Supplied material:
☆ ☆ ☆ ☆
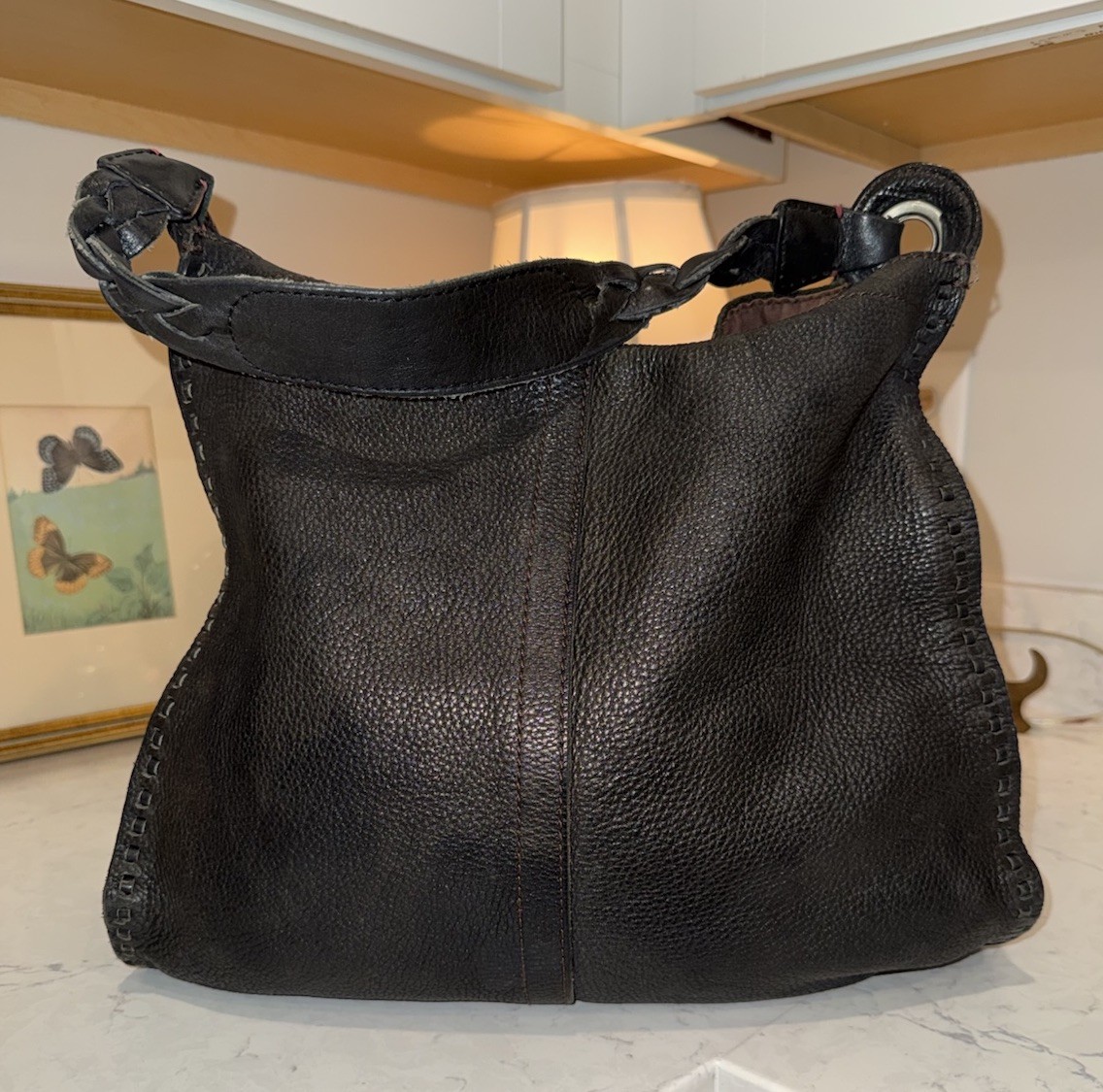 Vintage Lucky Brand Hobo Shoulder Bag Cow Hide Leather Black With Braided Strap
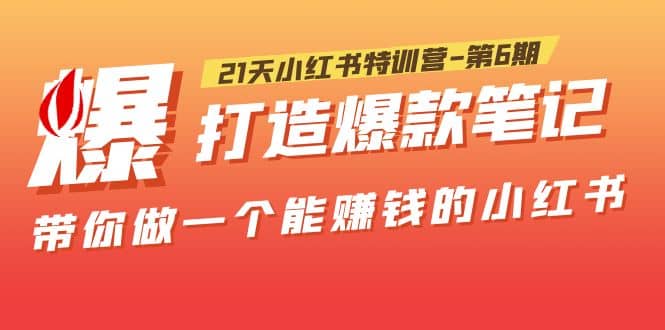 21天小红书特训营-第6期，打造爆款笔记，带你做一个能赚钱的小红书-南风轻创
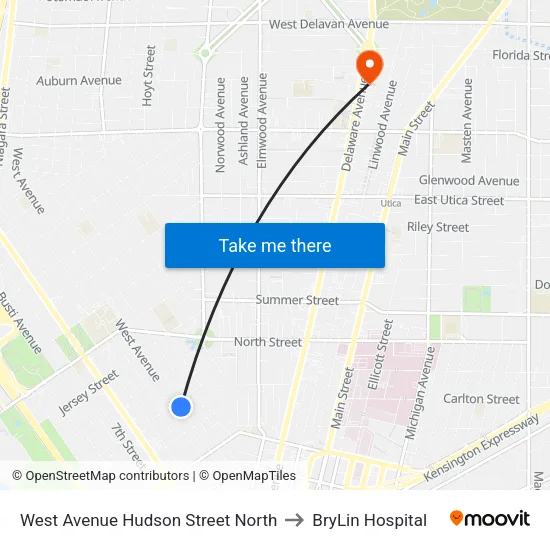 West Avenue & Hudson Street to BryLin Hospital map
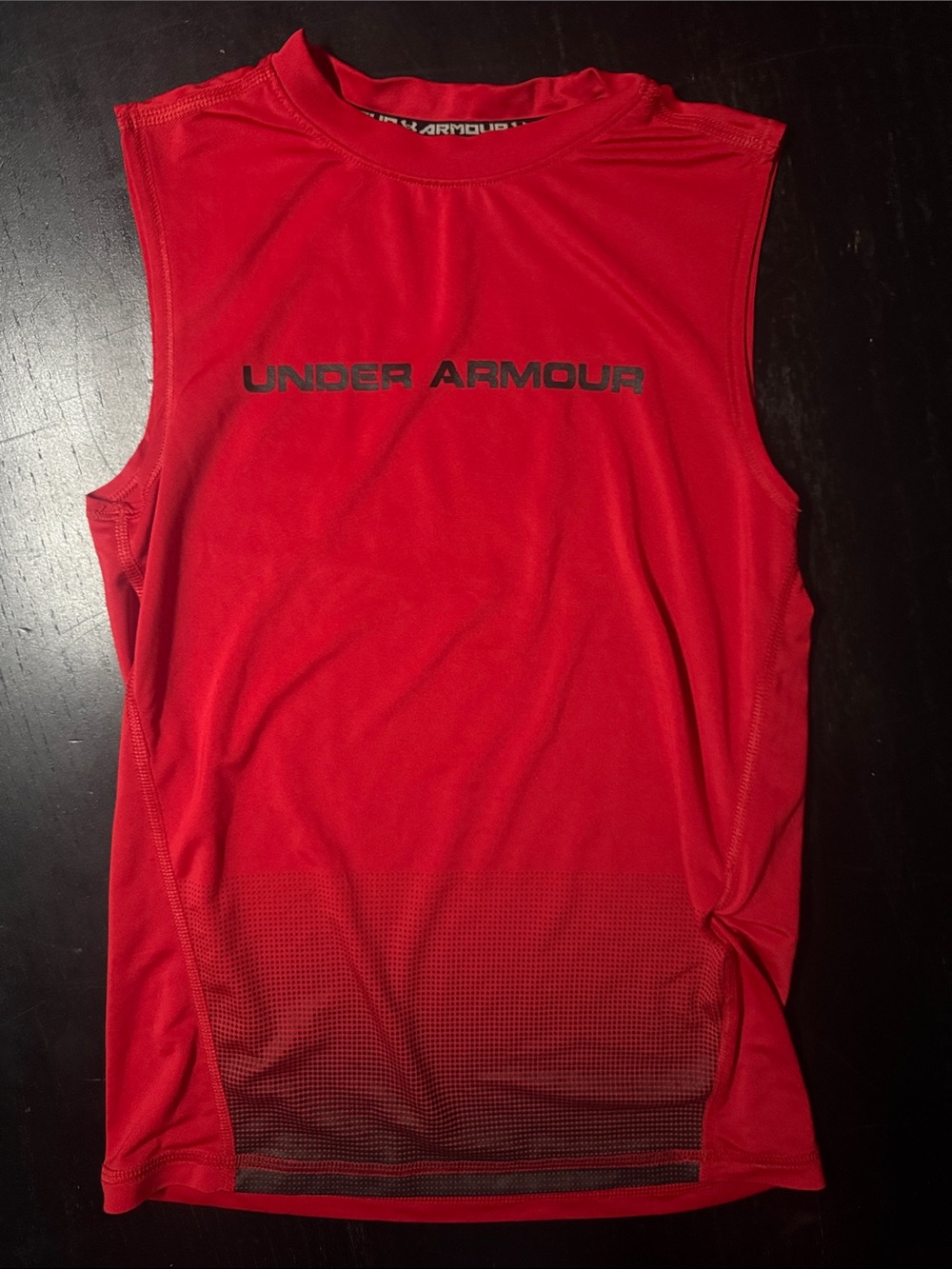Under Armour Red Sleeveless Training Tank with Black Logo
☆ ☆ ☆ ☆
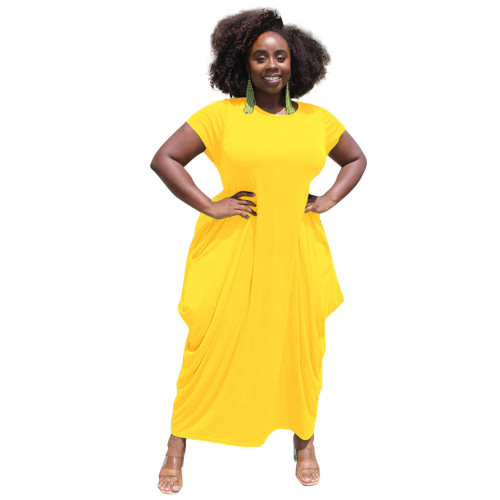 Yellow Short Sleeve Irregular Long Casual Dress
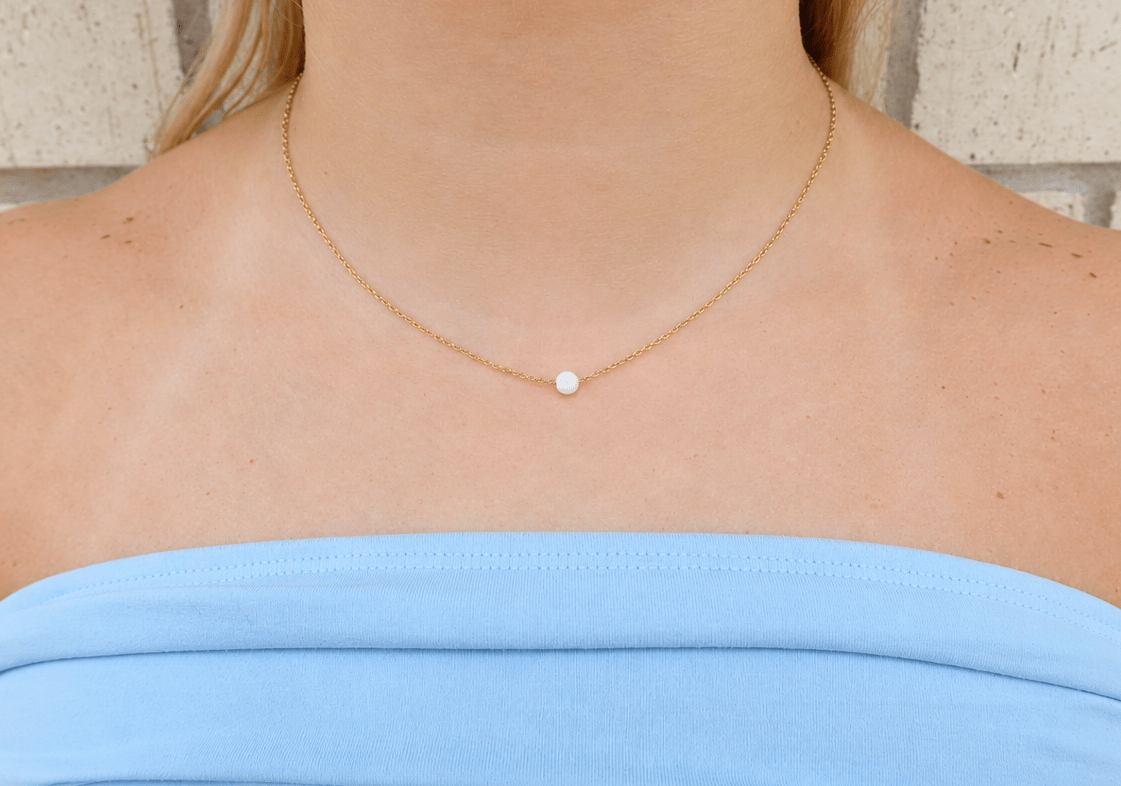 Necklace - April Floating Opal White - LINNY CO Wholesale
☆ ☆ ☆ ☆
Activity: Lines wanted from the entries above: the one with "West Avenue &", the one with "Under Armour Red", and all lines between. Please copy them exactly, without the pictures and without anything else.

Exercise result:
 West Avenue & Hudson Street to BryLin Hospital map
Under Armour Red Sleeveless Training Tank with Black Logo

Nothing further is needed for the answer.